I want to prove it with this definition of convergence $\forall\epsilon >0, \exists M>0$ s.t. if $n\geq M$ then $|a_n-a|<\epsilon$.
My work
I start by looking at
$$|b-\frac{33}{2n^2}-b|<\epsilon$$
To determine $\epsilon$, I start out by simplifying the expression on the left side
$$|b-\frac{33}{2n^2}-b|<\epsilon\Leftrightarrow |-\frac{33}{2n^2}|<\epsilon$$ Since the b's eliminate eachother I remove those. I can also remove the negative because of the absolutes, thus I have got the following $$|\frac{33}{2n^2}|<\epsilon$$ Since $2n^2$ can never be negative I can safely remove the absolutes which leaves me with (What if the sequence could be negative, should I look at it casewise?) $$\frac{33}{2n^2}<\epsilon\Leftrightarrow n>\frac{\sqrt{33}}{\sqrt{2}\cdot\sqrt{\epsilon}}$$ I can therefore let $M=\frac{\sqrt{33}}{\sqrt{2}\cdot\sqrt{\epsilon}}$ s.t. $n>M$ and therefore I can conclude that whatever the value of $\epsilon$, I can pick a M that is smaller or equal to n and thus this sequence converges to b.
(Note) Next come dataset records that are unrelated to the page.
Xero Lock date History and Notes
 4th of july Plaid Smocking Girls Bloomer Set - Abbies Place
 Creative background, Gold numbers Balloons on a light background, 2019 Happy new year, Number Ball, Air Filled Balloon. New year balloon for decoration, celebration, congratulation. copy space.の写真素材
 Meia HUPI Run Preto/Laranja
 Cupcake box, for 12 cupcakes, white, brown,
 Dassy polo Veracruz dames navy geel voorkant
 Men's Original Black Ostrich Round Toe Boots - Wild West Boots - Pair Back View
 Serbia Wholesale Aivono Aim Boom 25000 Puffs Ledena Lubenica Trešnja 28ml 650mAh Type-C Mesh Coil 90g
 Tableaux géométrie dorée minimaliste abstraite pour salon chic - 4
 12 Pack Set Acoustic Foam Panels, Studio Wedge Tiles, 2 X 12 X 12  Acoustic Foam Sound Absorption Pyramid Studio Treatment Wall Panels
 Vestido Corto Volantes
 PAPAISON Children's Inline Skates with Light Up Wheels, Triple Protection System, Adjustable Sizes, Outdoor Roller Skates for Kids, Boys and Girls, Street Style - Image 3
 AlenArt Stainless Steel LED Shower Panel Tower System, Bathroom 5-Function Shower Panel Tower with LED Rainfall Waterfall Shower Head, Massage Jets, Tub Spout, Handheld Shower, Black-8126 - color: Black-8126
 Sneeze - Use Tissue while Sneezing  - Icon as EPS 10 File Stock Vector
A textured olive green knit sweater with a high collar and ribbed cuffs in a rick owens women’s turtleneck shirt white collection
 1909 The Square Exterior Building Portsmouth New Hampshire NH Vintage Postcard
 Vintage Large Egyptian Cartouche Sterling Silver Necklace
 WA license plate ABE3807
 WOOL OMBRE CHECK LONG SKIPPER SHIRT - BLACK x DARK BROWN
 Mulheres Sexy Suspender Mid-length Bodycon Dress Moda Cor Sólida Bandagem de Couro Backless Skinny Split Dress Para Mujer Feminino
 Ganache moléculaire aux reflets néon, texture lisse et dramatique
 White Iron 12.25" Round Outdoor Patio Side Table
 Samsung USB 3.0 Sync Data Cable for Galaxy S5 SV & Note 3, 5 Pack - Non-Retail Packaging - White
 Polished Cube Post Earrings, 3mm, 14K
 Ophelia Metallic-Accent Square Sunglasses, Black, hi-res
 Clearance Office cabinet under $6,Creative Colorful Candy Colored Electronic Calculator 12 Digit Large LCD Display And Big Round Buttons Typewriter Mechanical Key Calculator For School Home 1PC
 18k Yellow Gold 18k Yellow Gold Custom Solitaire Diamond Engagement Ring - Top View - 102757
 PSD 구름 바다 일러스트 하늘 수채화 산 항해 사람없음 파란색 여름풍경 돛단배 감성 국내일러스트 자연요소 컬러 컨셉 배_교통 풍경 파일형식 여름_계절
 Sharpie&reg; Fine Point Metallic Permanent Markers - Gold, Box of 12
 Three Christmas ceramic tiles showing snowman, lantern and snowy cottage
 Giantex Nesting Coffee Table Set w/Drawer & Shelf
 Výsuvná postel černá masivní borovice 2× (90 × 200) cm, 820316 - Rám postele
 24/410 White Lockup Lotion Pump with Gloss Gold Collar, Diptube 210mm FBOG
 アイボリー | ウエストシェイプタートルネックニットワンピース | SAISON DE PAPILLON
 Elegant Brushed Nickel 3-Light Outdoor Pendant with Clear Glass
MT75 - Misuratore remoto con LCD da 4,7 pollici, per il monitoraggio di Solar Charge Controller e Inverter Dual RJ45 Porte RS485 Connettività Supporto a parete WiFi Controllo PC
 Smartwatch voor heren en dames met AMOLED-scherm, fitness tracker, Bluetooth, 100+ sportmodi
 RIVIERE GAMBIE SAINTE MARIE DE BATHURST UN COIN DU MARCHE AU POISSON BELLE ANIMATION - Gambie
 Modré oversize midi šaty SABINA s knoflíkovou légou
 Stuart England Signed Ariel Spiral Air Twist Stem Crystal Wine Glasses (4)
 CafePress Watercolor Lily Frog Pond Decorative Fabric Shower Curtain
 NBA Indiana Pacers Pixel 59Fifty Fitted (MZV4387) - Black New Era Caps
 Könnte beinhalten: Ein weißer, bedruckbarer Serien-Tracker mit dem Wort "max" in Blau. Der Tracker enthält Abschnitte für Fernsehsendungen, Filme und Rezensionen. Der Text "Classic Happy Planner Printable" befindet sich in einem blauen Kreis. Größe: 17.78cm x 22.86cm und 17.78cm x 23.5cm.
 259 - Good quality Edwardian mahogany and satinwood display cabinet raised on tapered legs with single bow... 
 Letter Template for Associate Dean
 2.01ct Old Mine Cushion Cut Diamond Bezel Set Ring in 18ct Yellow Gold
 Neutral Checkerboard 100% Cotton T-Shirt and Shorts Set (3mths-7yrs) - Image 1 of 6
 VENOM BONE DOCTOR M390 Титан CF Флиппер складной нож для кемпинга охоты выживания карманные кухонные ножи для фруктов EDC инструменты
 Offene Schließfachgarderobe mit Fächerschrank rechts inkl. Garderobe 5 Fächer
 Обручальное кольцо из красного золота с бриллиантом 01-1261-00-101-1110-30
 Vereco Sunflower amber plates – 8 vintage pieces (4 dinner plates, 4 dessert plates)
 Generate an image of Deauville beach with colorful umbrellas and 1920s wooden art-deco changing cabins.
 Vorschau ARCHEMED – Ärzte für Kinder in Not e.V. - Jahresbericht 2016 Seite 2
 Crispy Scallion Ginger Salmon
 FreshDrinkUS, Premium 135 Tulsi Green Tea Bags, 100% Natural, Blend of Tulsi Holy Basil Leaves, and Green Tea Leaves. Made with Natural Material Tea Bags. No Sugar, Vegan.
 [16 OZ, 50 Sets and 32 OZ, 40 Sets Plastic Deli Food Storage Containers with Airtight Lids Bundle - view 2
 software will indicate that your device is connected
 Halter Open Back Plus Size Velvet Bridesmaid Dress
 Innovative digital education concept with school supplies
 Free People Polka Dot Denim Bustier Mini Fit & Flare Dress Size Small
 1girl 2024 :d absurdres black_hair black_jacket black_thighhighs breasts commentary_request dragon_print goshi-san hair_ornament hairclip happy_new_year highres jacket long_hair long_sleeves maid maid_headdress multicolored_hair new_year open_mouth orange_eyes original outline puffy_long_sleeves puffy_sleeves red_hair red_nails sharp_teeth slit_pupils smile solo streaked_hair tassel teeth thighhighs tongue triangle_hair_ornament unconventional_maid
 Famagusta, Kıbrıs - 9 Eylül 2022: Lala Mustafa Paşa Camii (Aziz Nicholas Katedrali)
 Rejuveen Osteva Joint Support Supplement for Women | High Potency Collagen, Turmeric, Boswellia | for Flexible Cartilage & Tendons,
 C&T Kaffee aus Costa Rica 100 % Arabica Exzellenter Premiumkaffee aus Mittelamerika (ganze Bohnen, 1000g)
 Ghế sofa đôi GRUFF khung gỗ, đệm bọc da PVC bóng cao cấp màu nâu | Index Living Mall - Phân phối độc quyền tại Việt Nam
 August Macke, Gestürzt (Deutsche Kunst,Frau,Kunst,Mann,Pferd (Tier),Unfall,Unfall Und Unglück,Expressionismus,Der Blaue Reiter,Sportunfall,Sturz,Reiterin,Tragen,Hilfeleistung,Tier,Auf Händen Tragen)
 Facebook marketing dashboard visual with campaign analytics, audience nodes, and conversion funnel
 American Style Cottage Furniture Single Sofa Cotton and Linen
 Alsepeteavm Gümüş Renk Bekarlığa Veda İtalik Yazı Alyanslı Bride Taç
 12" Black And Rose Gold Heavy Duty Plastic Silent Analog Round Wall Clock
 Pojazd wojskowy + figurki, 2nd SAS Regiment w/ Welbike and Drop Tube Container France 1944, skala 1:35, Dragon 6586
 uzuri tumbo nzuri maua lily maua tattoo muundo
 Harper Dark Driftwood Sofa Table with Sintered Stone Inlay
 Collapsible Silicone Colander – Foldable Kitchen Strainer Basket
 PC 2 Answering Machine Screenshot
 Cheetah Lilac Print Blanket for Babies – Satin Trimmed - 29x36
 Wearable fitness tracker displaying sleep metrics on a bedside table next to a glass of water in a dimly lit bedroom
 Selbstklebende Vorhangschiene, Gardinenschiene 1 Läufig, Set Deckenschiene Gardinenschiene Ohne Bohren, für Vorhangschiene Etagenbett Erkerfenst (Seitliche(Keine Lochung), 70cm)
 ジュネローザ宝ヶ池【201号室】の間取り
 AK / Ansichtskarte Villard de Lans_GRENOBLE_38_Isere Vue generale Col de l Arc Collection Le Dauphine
Have I done it correctly, and where can I improve? I want to be as precise as possible.
Thanks!
I think it suffices to show that $\frac{33}{2n^2} \to 0$.
Fix arbitrary $\epsilon > 0$. If you choose $M > \sqrt{\frac{33}{2\epsilon}}$, you have the following:
$\frac{33}{2M^2} < \frac{33}{2(\sqrt{\frac{33}{2\epsilon}})^2} = \frac{33}{33/\epsilon} = \epsilon$. Since you can make $\epsilon$ arbitrarily small and always find a suitable $M$, then $\frac{33}{2n^2} \to 0$ as $n \to \infty$.
Since $\frac{33}{2n^2} \to 0$ as $n \to \infty$ and $b$ is constant, then I think you have proven that the sequence converges to $b$.